*** STUDY MATERIAL
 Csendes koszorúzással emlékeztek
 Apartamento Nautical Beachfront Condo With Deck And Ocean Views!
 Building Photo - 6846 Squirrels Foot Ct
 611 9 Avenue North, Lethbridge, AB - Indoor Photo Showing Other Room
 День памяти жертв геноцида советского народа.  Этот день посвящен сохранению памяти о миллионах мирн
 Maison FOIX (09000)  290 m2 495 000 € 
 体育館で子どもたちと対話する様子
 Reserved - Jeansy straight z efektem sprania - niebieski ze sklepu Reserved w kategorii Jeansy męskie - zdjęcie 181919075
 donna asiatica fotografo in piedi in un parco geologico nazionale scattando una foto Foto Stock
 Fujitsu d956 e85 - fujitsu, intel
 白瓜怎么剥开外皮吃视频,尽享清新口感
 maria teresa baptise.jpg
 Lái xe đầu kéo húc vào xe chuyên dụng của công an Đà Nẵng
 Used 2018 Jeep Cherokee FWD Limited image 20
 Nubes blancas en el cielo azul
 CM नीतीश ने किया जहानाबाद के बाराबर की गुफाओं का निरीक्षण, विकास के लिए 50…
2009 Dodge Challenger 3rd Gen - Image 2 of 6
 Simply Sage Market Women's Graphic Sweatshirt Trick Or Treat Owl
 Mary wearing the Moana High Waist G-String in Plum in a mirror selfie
******
Write out, word for word, the line containing "Used 2018 Jeep Cherokee FWD Limited image 20" and every line after it to the end of the data above.

 Used 2018 Jeep Cherokee FWD Limited image 20
 Nubes blancas en el cielo azul
 CM नीतीश ने किया जहानाबाद के बाराबर की गुफाओं का निरीक्षण, विकास के लिए 50…
2009 Dodge Challenger 3rd Gen - Image 2 of 6
 Simply Sage Market Women's Graphic Sweatshirt Trick Or Treat Owl
 Mary wearing the Moana High Waist G-String in Plum in a mirror selfie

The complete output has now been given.